Sempre nello stesso periodo esplodeva la polemica sul revisionismo fra Merlino e Bissolati, il giovane Enrico Leone pubblicava sulla «Rivista critica del socialismo» un lavoro sul “Metodo nel «Capitale» di Karl Marx” e uscivano “La produzione capitalistica” di Antonio Graziadei e “Il terzo volume del «Capitale»” di Vincenzo Giuffrida.
Una domanda sorge spontanea: come può essere spiegato il fatto che il marxismo, appena conosciuto venti anni prima, avesse raggiunto, in un’epoca in cui le idee circolavano ancora piuttosto lentamente, una simile influenza e un simile successo?
Contrariamente a ciò che si sarebbe portati a pensare, il merito dell’introduzione del marxismo in Italia spetta, innanzitutto, agli anarchici, che dissentivano da Marx su tante questioni – sulla dittatura del proletariato, sulla concezione del partito, sulla necessità di partecipare alle elezioni politiche –, ma riconoscevano in lui il maggior maestro e fondatore del socialismo moderno.
Dal marxismo gli anarchici avevano mutuato la visione materialistica della storia, l’analisi della società borghese e delle sue contraddizioni, il metodo della lotta di classe e il fine del comunismo e, su questa base, si opponevano tanto alle riforme istituzionali dei repubblicani quanto alle riforme politiche dei radicali e degli stessi socialisti riformisti.
A questo proposito, vanno ricordati almeno tre esponenti anarchici.
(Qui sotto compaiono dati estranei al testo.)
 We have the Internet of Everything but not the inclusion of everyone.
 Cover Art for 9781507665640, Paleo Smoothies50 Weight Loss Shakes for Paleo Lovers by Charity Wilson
Emilio Covelli, il quale nel 1871 cita e discute l’opera di Marx (il primo volume del “Capitale” era apparso nel 1867) sulle pagine della «Rivista Partenopea» (in quella Napoli dove nella stesso periodo si era costituita la prima sezione italiana dell’Associazione internazionale dei lavoratori, conosciuta anche come Prima Internazionale).
Carlo Cafiero, grande e umanissima figura dell’anarchismo (era un proprietario terriero che alla causa della emancipazione sociale sacrificò tutto: terre, patrimonio, sicurezza e salute), il quale nel 1879 pubblicava l’importante “Compendio” del primo volume del «Capitale», da lui preparato nel carcere di Santa Maria Capua Vetere dove si trovava rinchiuso per la sua partecipazione ai moti della Banda del Matese.
L’avvocato Francesco Saverio Merlino (difensore, fra l’altro, del regicida Bresci), conoscitore diretto dell’opera di Marx e suo primo critico.
Un posto particolare occupano, poi, il gruppo della «Plebe», animato da Bignami e dallo Gnocchi-Viani (futuro fondatore a Milano della prima Camera del Lavoro nel 1891), a mezza strada fra proudhonismo, malonismo (dalle posizioni idealistiche e revisionistiche dell’ex-comunardo Benoît Malon) e marxismo (per i suoi contatti con Marx e con Engels).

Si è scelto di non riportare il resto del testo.